Je tiens à vous dire tout de suite que j’ai passé une belle soirée malgré les bémols que je m’apprête à apposer sur la partition de cette analyse. La soirée, nommée Aptitudes matérielles, c’était celle d’une rencontre entre les scènes créatives contemporaines de New York et de Montréal, présentée à l’Espace Bleu du Wilder, dans le Quartier des Spectacles à Montréal, et ceci sous le chapeau du Vivier, indispensable catalyseur musical de la scène montréalaise.
L’ensemble Hypercube, de New York, une quatuor hors norme formé d’un piano, d’un saxophone, d’une guitare électrique et de percussions, croisait les effluves sonores avec trois artistes montréalais, Antonin Bourgault, Antoine Goudreau et Corie Rose Soumah. Seul Bourgault s’est véritablement joint aux New-yorkais avec son saxophone. Pour les autres, c’est uniquement en tant que compositeur.trice que la relation s’est incarnée.
Je retiens plusieurs choses de cette expérience : l’excellence des interprètes de Hypercube, un groupe soudé serré tant dans l’écoute mutuelle que dans l’impressionnante qualité technique déployée. Je retiens aussi que l’avant-garde musicale à fait du chemin depuis 50, voire 75 ans. On est rendu à un point où on peut apprécier un concert de ce genre, goûter à l’excellence interprétative manifestée et à la beauté plastique des sonorités générées sur scène, sans réellement être surpris par la proposition. C’est en effet le sentiment qui m’a assailli lors du concert : j’ai déjà entendu cela très souvent. Car dans les abstractions narratives suggérées, les nombreuses saillies timbrales, les contrastes texturaux et les jaillissements sonores, rien de vraiment révolutionnaire, voire intrigant, n’est apparu. Beau et plastiquement impeccable, mais pas surprenant ni hors des sentiers battus.
Cela dit, tel que mentionné, votre humble serviteur à tout de même passé une agréable soirée, car la musique offerte était intelligente, nourrie aux meilleurs savoirs et conçue dans un esprit évident de communication à la fois esthétique et sensoriel.
Mentionnons d’abord la très belle spatialisation des portions acousmatiques des partitions, une octophonie (si je ne m’abuse) efficace et qui a réussi à plonger les spectateurs au centre d’agréables élans synthétiques.
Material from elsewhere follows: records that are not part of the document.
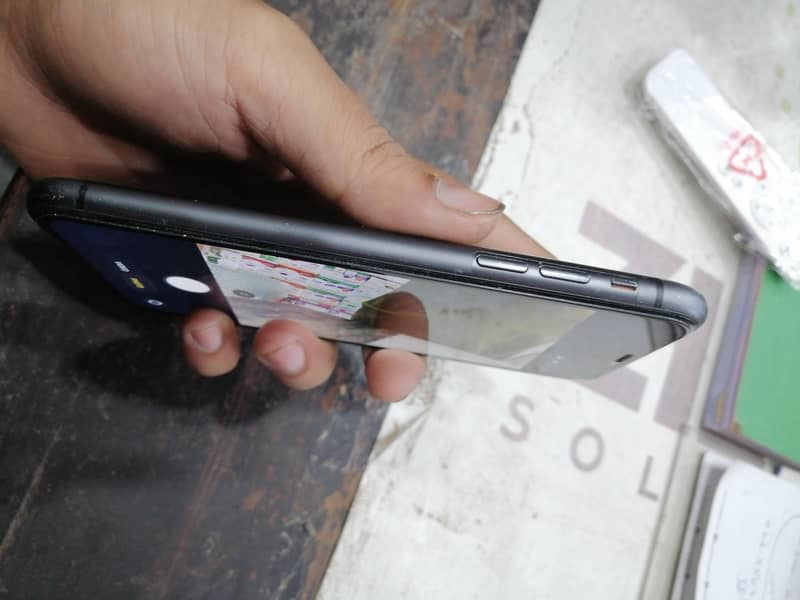 Apple iPhone 11 5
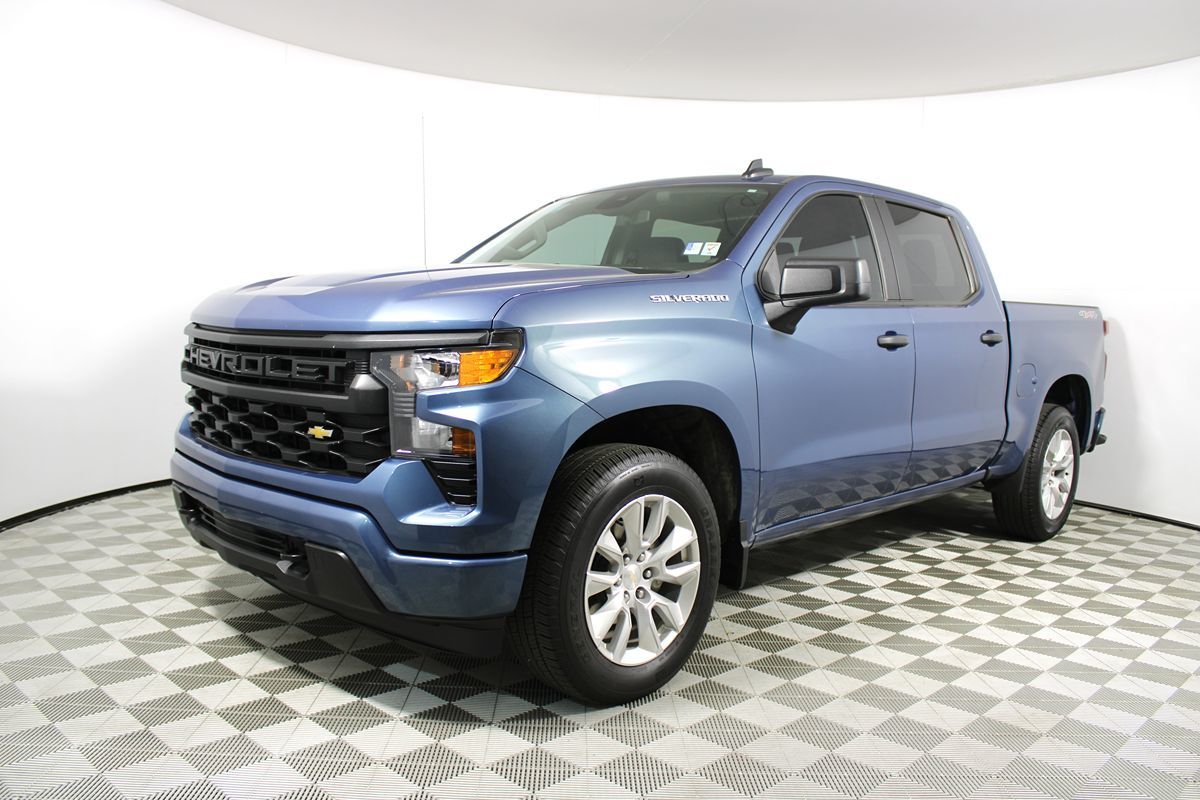 2024 Chevrolet Silverado 1500 Custom Image 3 of 38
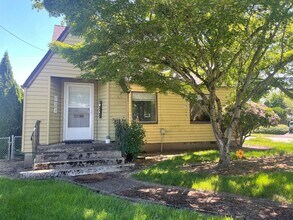 Building Photo - 2 bed 1 bath Home in West Salem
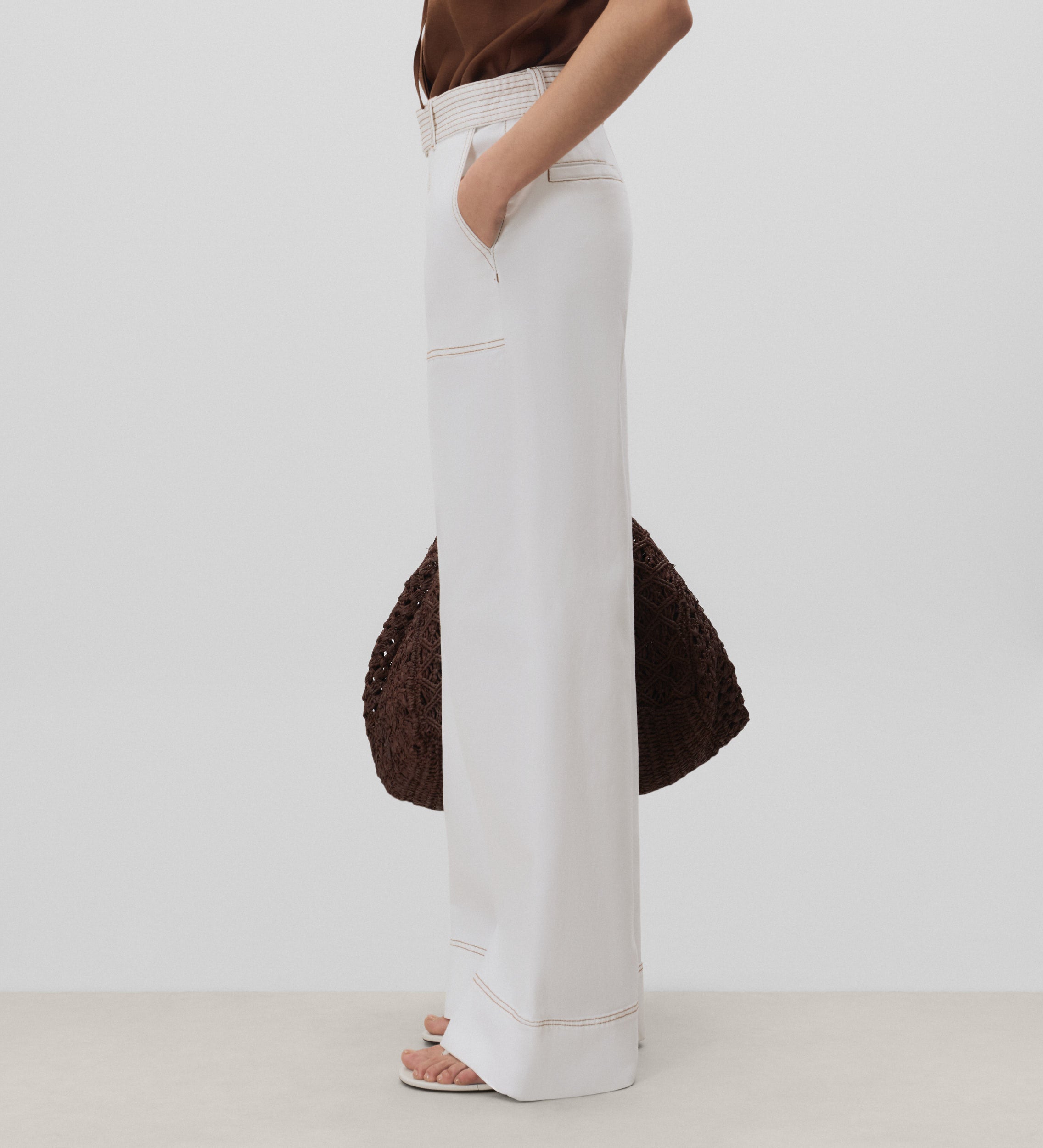 Pantalón denim pespuntes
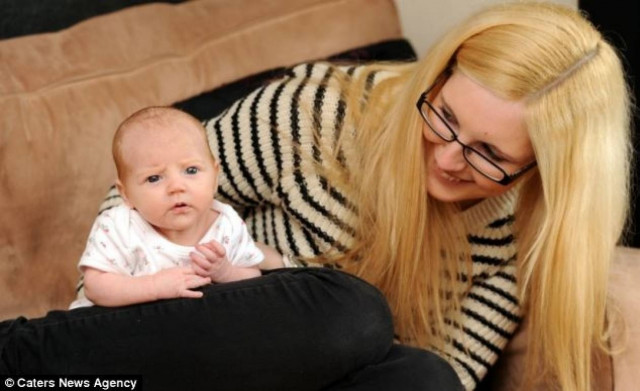 Απίστευτο: Πήγε στο νοσοκομείο για πόνο στην κοιλιά και... γέννησε!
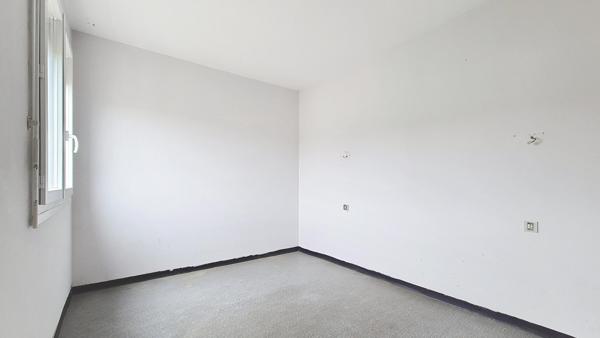 Maison 97m² sur 193m² de terrain, 4 chambres + 2 garages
Musicalement, je résumerai en disant que Soumah et Goudreau sont les meilleurs pour tirer profit des possibilités coloristiques de l’ensemble Hypercube, en les intégrant dans des constructions dramatiques efficaces, discursivement éclatées mais compréhensibles. Corie Rose Soumah est l’une des voix les plus intéressantes de la relève en musique savante, et sa page Soundcloud devrait être une priorité d’écoute, si la chose contemporaine vous intéresse vraiment.
Page Soundcloud de Corie Rose Soumah
La saxophoniste de Hypercube, la Canadienne Erin Rogers, a offert Mirror to Fire, une pièce dérivée d’une chanson de Nine Inch Nails (The Lovers, de l’album Add Violence). Devenu une sorte d’étude sur les possibilités musicales d’une séparation des piliers harmoniques et rythmiques d’une œuvre ‘’populaire’’, Mirror to Fire est la partition la plus aisée en termes de cheminement discursif qui a pu être entendue dans le concert. Soulignons que toutes les oeuvres au programme étaient des créations (mondiales pour chacune, sauf pour une des pièces de Soumah, une création canadienne).
De l’avant-garde classique, qui puise autant chez Stockhausen que dans le free jazz des années 1970, sans étonnement particulier mais d’une indéniablement séduisante facture artistique.